Meditare conduce al di là del bisogno di controllo nella relazione.
E’ più forte di noi, per difenderci abbiamo bisogno di tenere sotto controllo l’altro nella relazione. Se non fosse così chissà quali rischi per noi. Anche i gruppi si organizzano sulla base del tentativo di controllare le persone. Se è vero che ciò è opportuno in molte situazioni di vita, nel gruppo di meditazione (o di crescita spirituale in genere) dovrebbe essere diverso.
Come fare?
Portare avanti il proprio punto di vista nel rispetto dell’altro presuppone molta maturità dal punto di vista psicologico, oltre che spirituale.
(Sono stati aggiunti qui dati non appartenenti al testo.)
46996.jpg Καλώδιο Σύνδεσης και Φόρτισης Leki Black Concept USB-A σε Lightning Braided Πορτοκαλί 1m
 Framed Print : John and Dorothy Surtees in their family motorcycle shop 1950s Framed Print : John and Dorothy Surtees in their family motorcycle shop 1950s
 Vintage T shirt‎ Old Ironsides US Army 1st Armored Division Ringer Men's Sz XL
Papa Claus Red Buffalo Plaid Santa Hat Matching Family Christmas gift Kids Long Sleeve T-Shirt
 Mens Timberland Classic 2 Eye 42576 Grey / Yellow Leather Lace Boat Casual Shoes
Penso che una dimensione di "santità" si possa esprimere più con la sensibilità che con la rigorosità. La sensibilità ci porta però alla dimensione della croce, e della successiva resurrezione, mentre la rigorosità ci esenta dal metterci eccessivamente in gioco personalmente, ma ci lascia in un perenne limbo di insoddisfazione. E’ una difesa.
Possiamo giudicare?
No, in nessun caso, nonostante la eventualità della nostra consapevolezza del limite dell’altro. Non serve, anche se è umano nella sofferenza lamentare i propri diritti persi. Il cammino di maturazione nella relazione interpersonale presuppone andare a fondo in se stessi per rivelare la nostra essenza. Rivelare significa rendere noto sia il nostro dolore nella relazione, sia la nostra gioia nella speranza della prospettiva del regno. Di solito il punto cruciale è la rivelazione della propria miseria. E’ quello che manca in tutte le relazioni difficili. E ‘ ciò che più ci spaventa rispetto alla perdita di controllo nella relazione con l’altro. Farlo significa avere già capito che il nostro cammino verso il regno è già avviato sulla base dell’amore che Dio ha per noi in modo incondizionato. Siamo già usciti dall’idea di conquistare la salvezza così come si conquista il posto numerato al teatro quando abbiamo il regolare biglietto in mano. In quel caso andiamo sicuri di avere quel posto per il nostro "status quo" di possessori del regolare biglietto.
Perché dovremmo lasciarci andare così tanto?
Di solito non lo si fa così spontaneamente, ma il nostro lasciarci andare avviene come conseguenza e frutto della pratica spirituale prolungata nel tempo.
A volte avviene invece in conseguenza di eventi stressanti o tramatici (come conflitti relazionali, perdite, separazioni, sconfitte etc.) che ci costringono ad abbandonare il sentimento di onnipotenza che ci aveva stimolati a contenere gli altri piuttosto che a farsi contenere. Se il livello di maturazione è stato sufficiente, in quel momento si ha una ulteriore liberazione dal nostro ego, viceversa ci si aggrappa ancora di più ad esso. Ci sarà una nuova occasione futura di stress a guidarci, sperando questa volta di avere maggiori e più efficaci elementi a disposizione per compiere il passo di crescita.
In sintesi, il camino di crescita a cui siamo chiamati nella nostra vita terrena rispetto alle relazioni interpersonali, che ci porta ad andare al di là del nostro bisogno di controllo nella relazione, ha da compiersi sia per chi medita sia per chi non medita. La meditazione quindi costituisce uno dei modo possibili per favorire che questo cammino prenda posto nella nostra vita.